Sa conception est pédagogique et favorise la déambulation, le parcours initiatique.
Des paliers, autorisent les stations poétiques, ménagent les vues sur la rivière alanguie, sur la campagne apaisante.
Enfants, maîtresses des foyers, ouvriers, pourquoi faudrait-il les priver du regard oisif sur le décor riant, sur la parenthèse de verdure. Dans cet univers de fabriques, au milieu des panaches de fumée, on doit pouvoir, comme le nanti, s’émouvoir à la vue d’une statue, d’un massif de fleurs, ou des gracieuses courbes de la treille.

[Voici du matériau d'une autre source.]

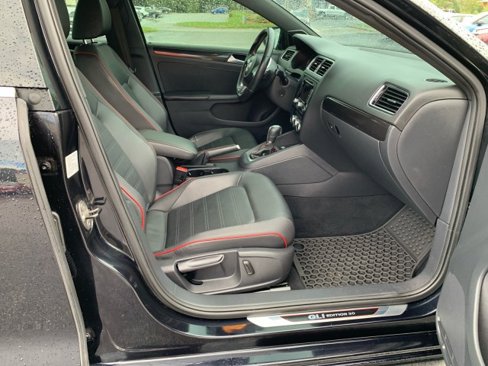 Used 2014 Volkswagen Jetta GLI image 18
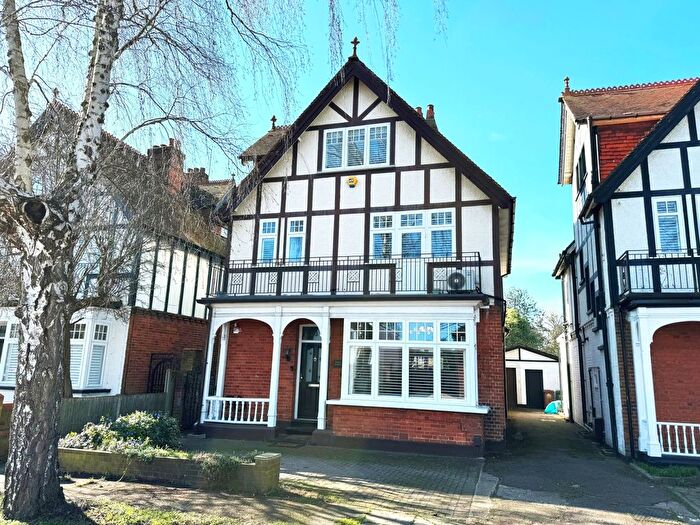 4 Bedroom Detached House For Sale In Glebe Road, Staines-Upon-Thames, Surrey, TW18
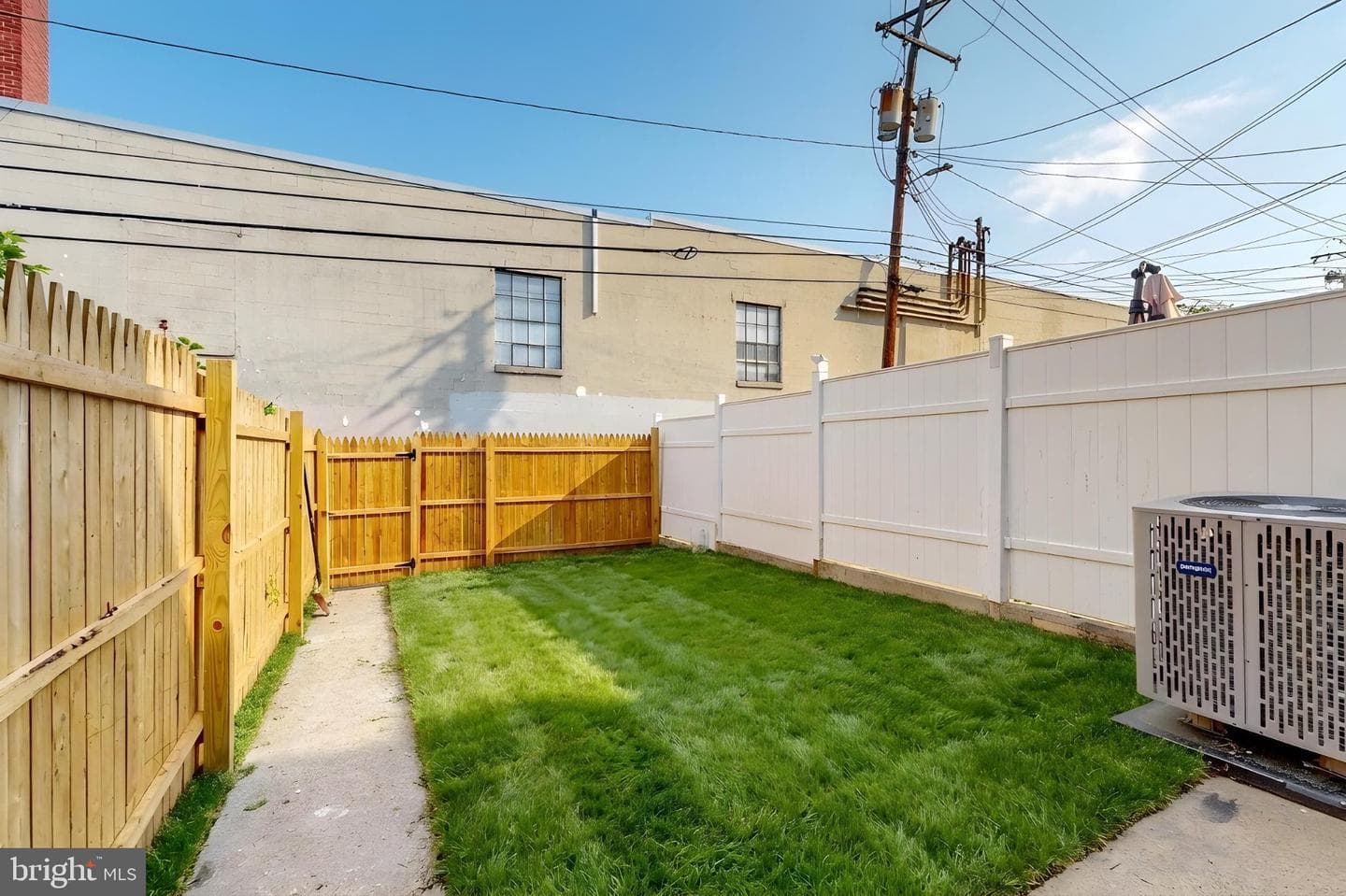 2320 W Lexington Street photo 35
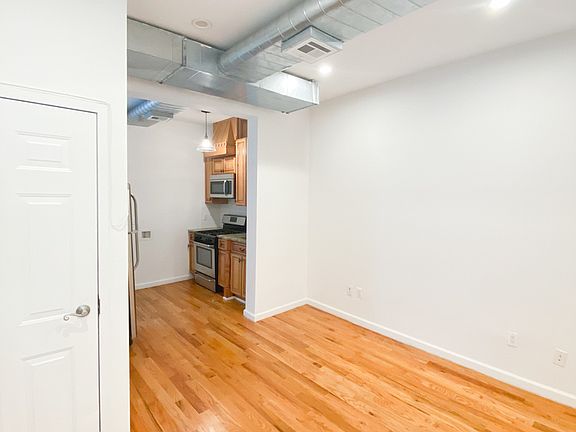 3rd image of 850 Saint Johns Pl #2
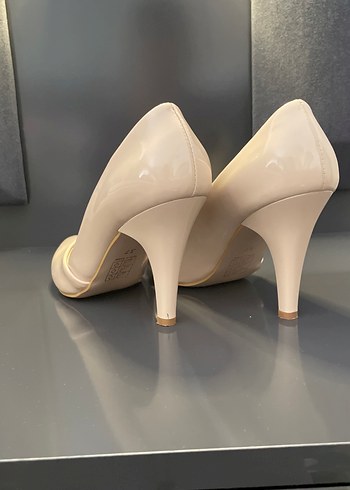 Bej Modern Klasik Stiletto Topuklu Kadın Ayakkabı - Görsel 5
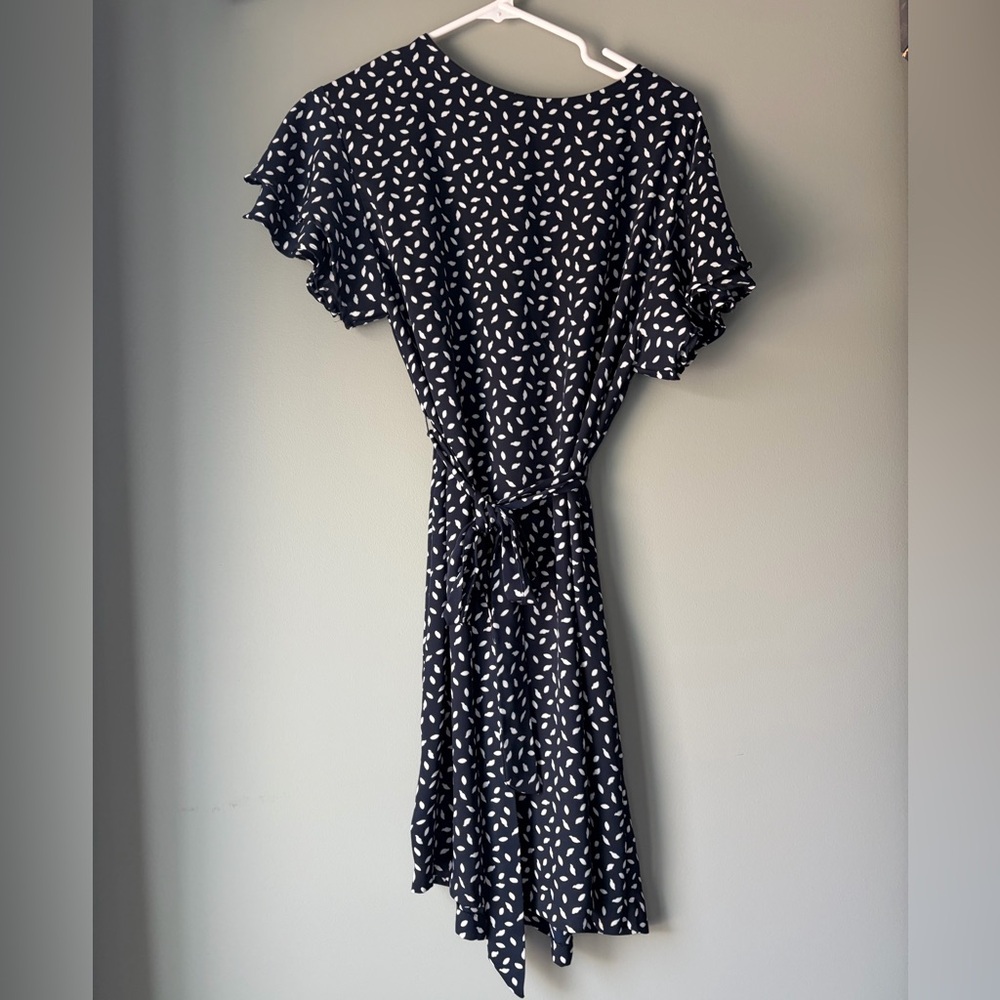 H&M Dark Blue and White Leaf Print Dress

Le jardin dit du «Haut», vidé du monde, garde encore ses reliques romantiques.
L’averti imagine les promenades digestives en famille, les leçons de jardinage, prodiguées aux enfants, les moments de recueillement, les effusions du cur.
«On entend de deux côtés différents, le bruit de l’eau qui tombe, d’une part, dans le bassin aux triple jets d’eaux qui se trouvent en contrebas devant nous, lorsque vous regardez la rivière qui coule au pied du jardin et coule d’autre part dans le réservoir placé au-dessus de la tonnelle derrière vous. Dans ce dernier, de beaux poissons rouges nombreux prennent leurs ébats, au pied de la baigneuse en terre cuite de Falconnet, bien connue de tous les amateurs.»
Jean-Baptiste André Godin, Le Devoir, n° 165, 1881.
Fin de la promenade à travers les ornements du passé, faits pour l’apprentissage des regards, avec cette dernière image du Mausolée de monsieur Godin, fatalement pompeux, voulu par Marie-Adèle Moret, sa seconde femme, tapie dans l’ombre.
A ses côtés, le mouleur de l’usine, équipé de tous les attributs de son métier, l’Allégorie aussi de la maternité.
J’y vois déclinées, les valeurs chères au bâtisseur ; l’amour du travail bien fait, l’éducation, la famille.
J’ai quelques doutes… Sans doute trop beau tout çà, pour être vrai, trop vêtu de probité candide.
Je retrouve le centre-ville, au bout de la rue André Godin.
La vieille cité, à l’écart du Familistère, bourdonne des courses de fourmis affairées.
Sur la Place d’Armes, Camille Desmoulins, le révolutionnaire, occupe le place d’honneur, parmi le poissonnier, la fleuriste, le banquier.
Allure altière, le chapeau tourné à l’envers, pour éviter l’aumône des pigeons.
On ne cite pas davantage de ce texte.